Extract key values from the given document and predicts the type of the field. For example, if in a given document "Invoice: 101" keyValue is found, it will predict its type as "INVOICE NUMBER" for now the type prediction is limited to the type identified by AWS Textract OCR Provider.

Sync Extraction

/ocrsvc/v{ver}/DocumentExtraction is called when user want to extract all key pair values.

The table shows the required values:

Component Description
API Method /ocrsvc/v{ver}/DocumentExtraction
Input
  • ver - The version of the IDP
  • ocrDocument - Processes .jpg, .jpeg, and .png files as input.
Output The response is of JSON type

Async Extraction

ocrsvc/v{ver}/AsyncDocumentExtraction are called when user wants to extract all key pair values. Called when OCR Document is a PDF File.

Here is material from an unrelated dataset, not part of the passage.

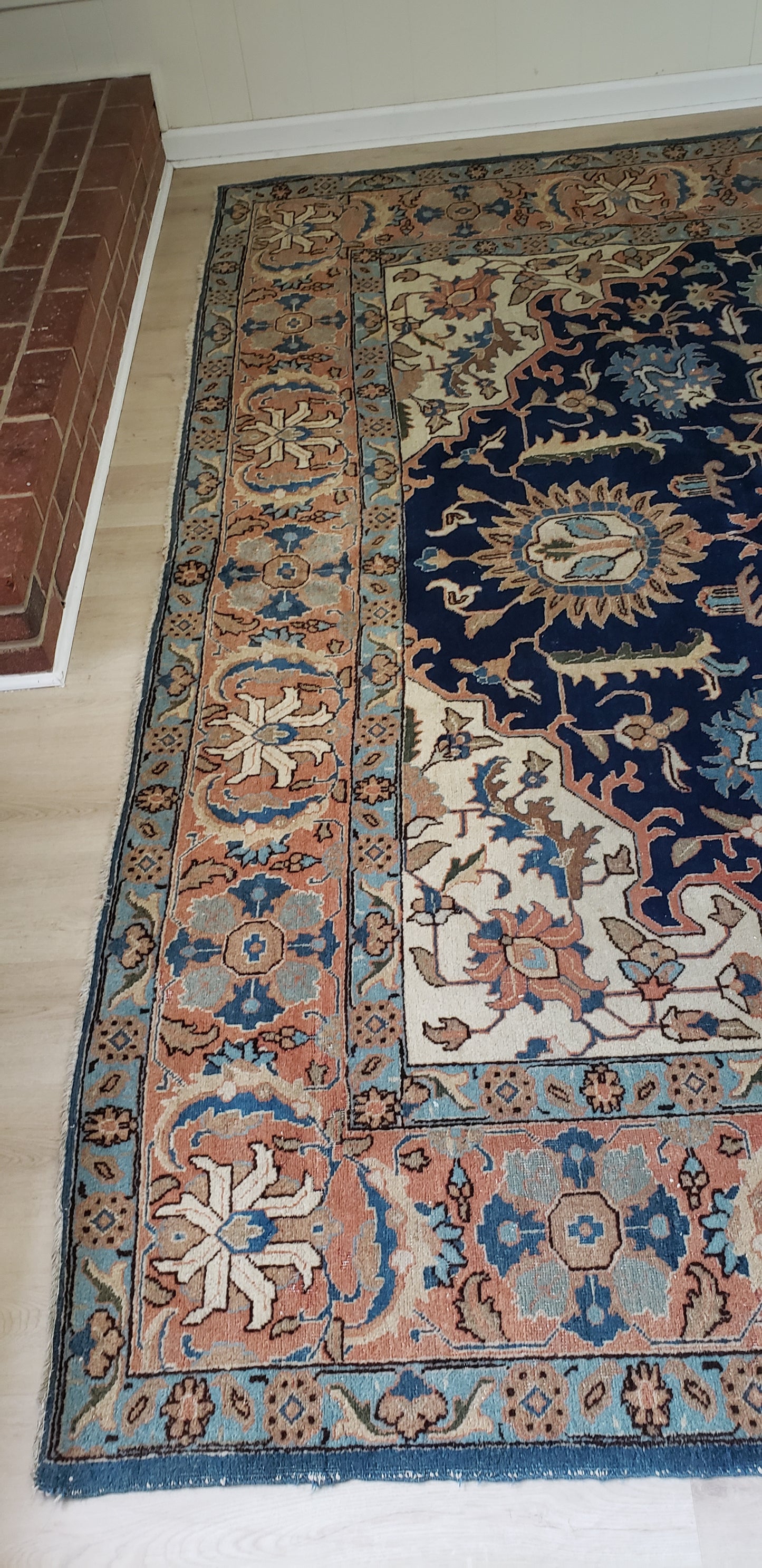 SOLD - Antique Persian Rug, 9x12, 1940's Khoy Tabriz, - "Dreamy Garden"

The table shows the required values:

Component Description
API Method ocrsvc/v{ver}/AsyncDocumentExtraction
Input
  • ver - The version of the IDP
  • ocrDocument - Processes .pdf files as input.
  • pageNo - PageNo can be , eg. for pdf with Page size 10, values could be 1,2,3 or 1-3, or 1, 3-5 or 1-3, 7-10
Output generated Task ID is generated.

Response output

{
  "ExtractionData": [
    {
      "FieldName": "Name of the extracted entity",
      "FieldValue": "Extracted text value, possibly multi-line",
      "FieldGeometry": [
        [Left, Top, Width, Height] (Field Name geometry),
        [Left, Top, Width, Height] (Field Value geometry)
      ],
      "Confidence": ["Confidence score for each extracted value"],
      "PageNo": "Page number where the field was found",
      "Type": {
        "Value": "Category of the extracted field (e.g., ADDRESS, DATE, etc.)",
        "Confidence": "Confidence score for field classification"
      }
    }
  ],
  "_metadata": {
    "TotalFields": "Total number of extracted fields",
    "Confidence": "Overall confidence score of the extraction",
    "TaskID": "Unique identifier for the OCR processing job",
    "OcrProvider": "Name of the OCR service provider used",
    "TenantID": "Identifier for the tenant or client using the service",
    "NumberOfPages": "Total number of pages in the document"
  }
}